Raw data:
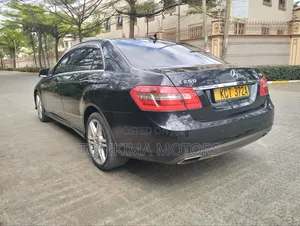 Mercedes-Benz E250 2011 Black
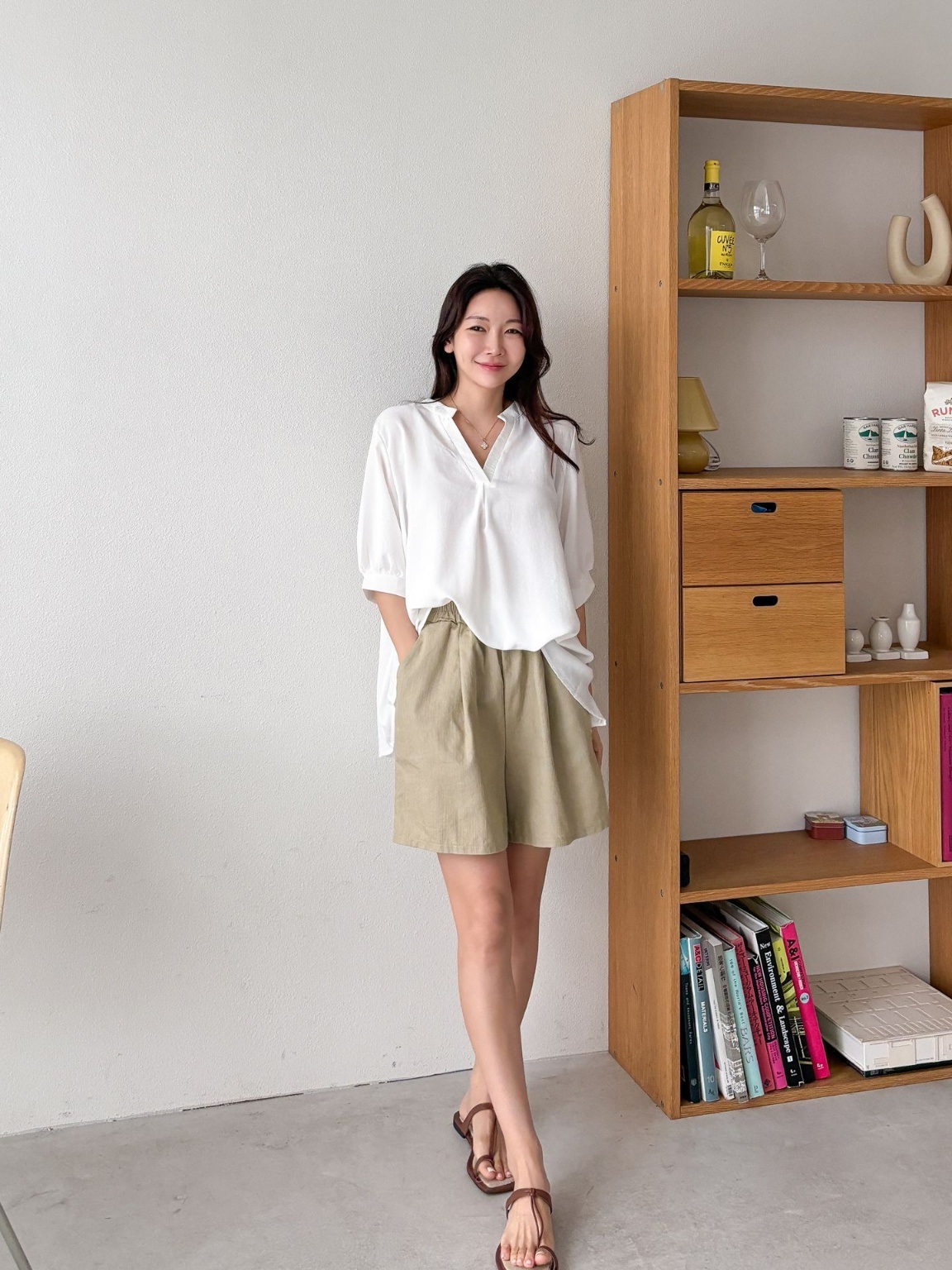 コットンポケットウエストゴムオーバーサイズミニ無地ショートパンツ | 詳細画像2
==
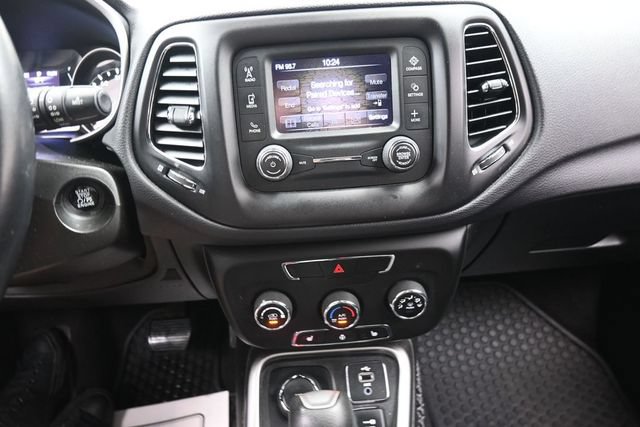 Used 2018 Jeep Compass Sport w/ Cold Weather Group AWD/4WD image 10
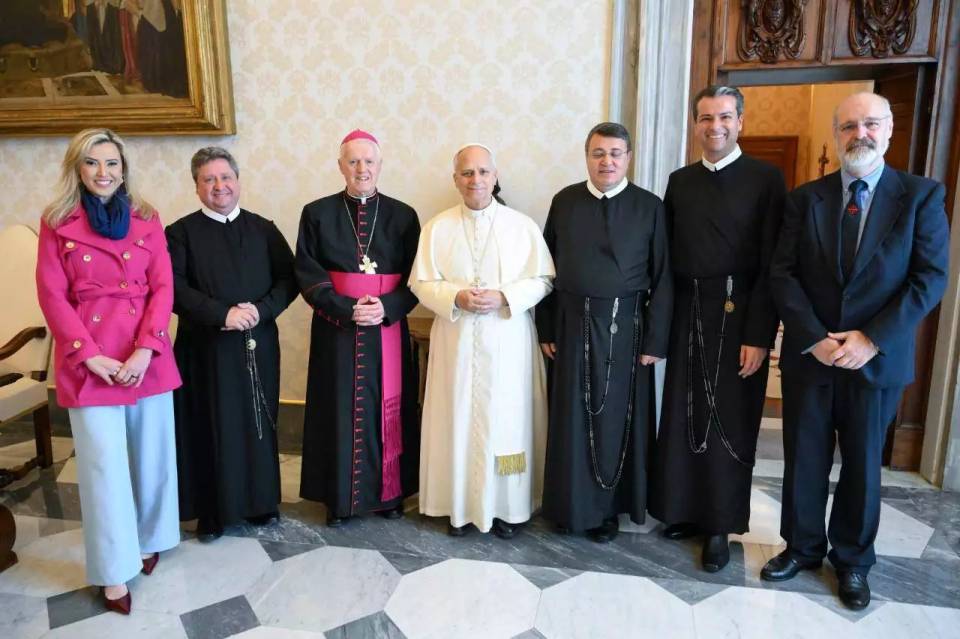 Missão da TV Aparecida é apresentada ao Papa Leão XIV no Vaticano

Exercise directions: Which part of the entries opens with the line containing "Mercedes-Benz E250 2011 Black" and closes with the line containing "コットンポケットウエストゴムオーバーサイズミニ無地ショートパンツ | 詳細画像2"? Output that part exactly, ends included, pictures excluded.

Solution for this exercise:
 Mercedes-Benz E250 2011 Black
 コットンポケットウエストゴムオーバーサイズミニ無地ショートパンツ | 詳細画像2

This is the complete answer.